It is easy to imagine how this type of conversation can deteriorate. But it can also be taken as a starting point to reflect on how different groups – in this case, religious communities and mediation experts – can interact constructively.
Training workshops focus on providing participants with the necessary skills for constructive dialogue, negotiation and mediation. Such workshops, normally lasting a few days to a week, have become an integral part of many dialogue and conflict transformation processes. The logic behind these training workshops is not only to provide participants with a platform to exchange, but also to provide methodologies to help make this exchange more constructive for all actors involved.
What guiding principles can facilitate this type of training and discussion?
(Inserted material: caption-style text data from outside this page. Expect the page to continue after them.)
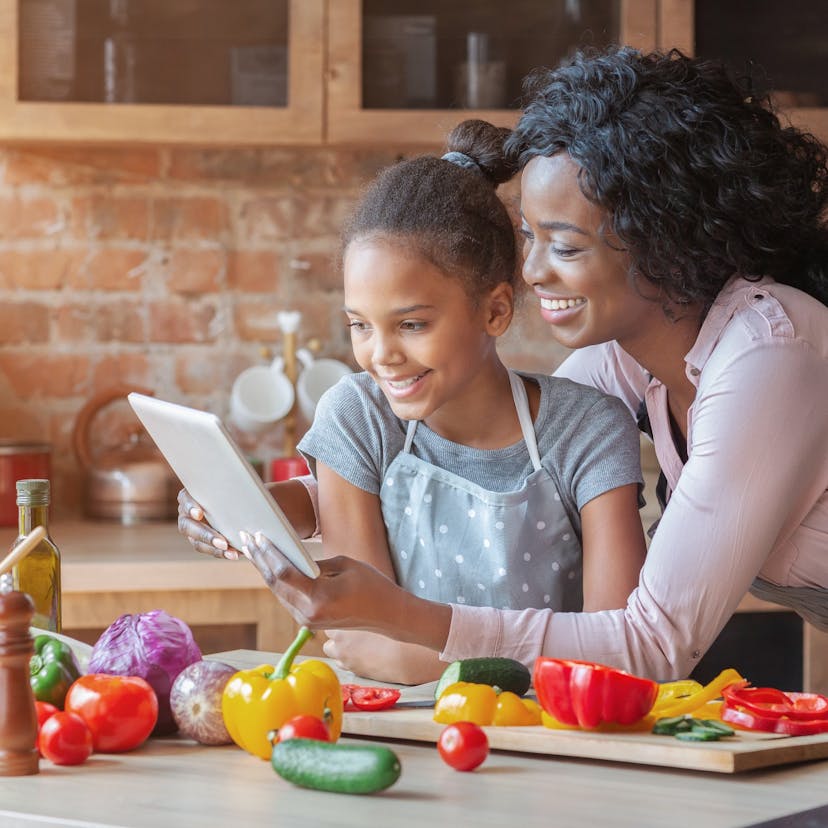 mom and daughter reading a recipe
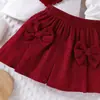 Conjunto de Roupa Infantil Novo Mais Vendido na Fronteira, Estilo Europeu e Americano, Conjunto de Duas Peças com Top de Manga Bufante em Forma de Coração com Laço e Saia Curta para Meninas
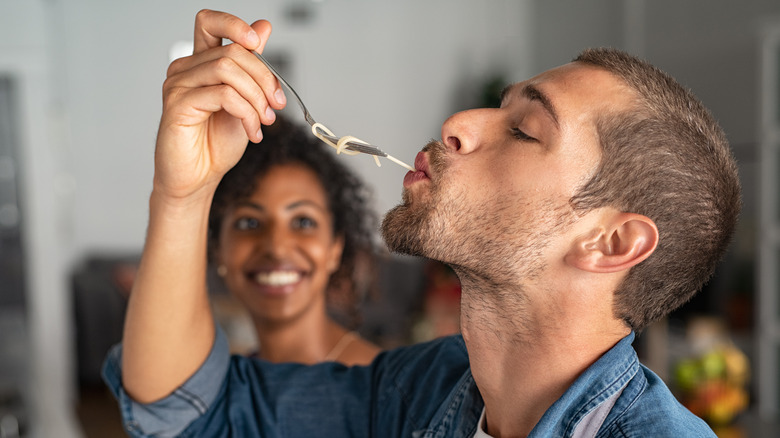 Man eating pasta off a fork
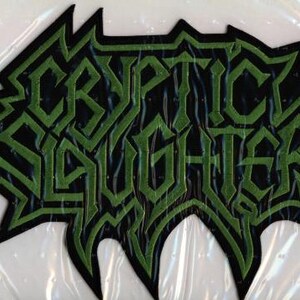 May include: A black and green embroidered patch featuring the text "CRYPTIC SLAUGHTER" in a stylized, angular font. The patch has a jagged, pointed border and is likely for clothing or accessories.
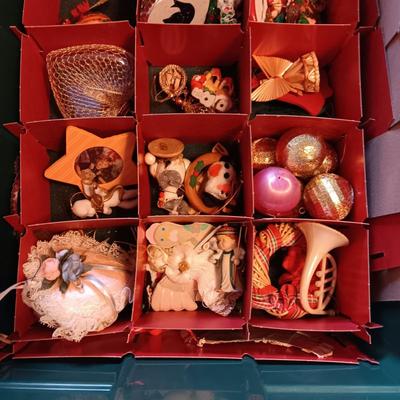 A VARIETY OF CHRISTMAS ORNAMENTS WITH AN ORGANIZING STORAGE TOTE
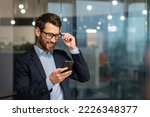 Small photo of Successful financier investor works inside office at work, businessman in business suit uses telephone near window, man smiles and reads good news online from smartphone.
Mediating disputes can profitably draw on religious sources, such as the Bible and the Koran, to train negotiators and mediators. But it is important that they are used in the right way.
Why use religious resources?
Why should mediation or negotiation trainers use religious resources in their interactions with a religious community? One obvious reason is to make the principles behind attempted reconciliation more legitimate and digestible. The language is that used by communities themselves. And such terminology can make ideas come alive, mobilise a community’s religious resources, and talk directly to the values and ideas of a group of people.
At the same time, using religious resources is potentially dangerous, and authentic interpretations of religious texts are only possible from within the community in question. The danger is not just of trainers cherry-picking quotes out of context, but who is doing the picking. The more a person is an ‘outsider’ from a religious community, the less interpretative authority she or he has. By nonetheless trying to use a religious text to argue a point, a real or perceived imposition or manipulation of view can result. And in mediation that is not appropriate, because imposing a worldview or a way of framing issues – which is at stake when meddling in a community’s religious narrative – is potentially also a form of violence.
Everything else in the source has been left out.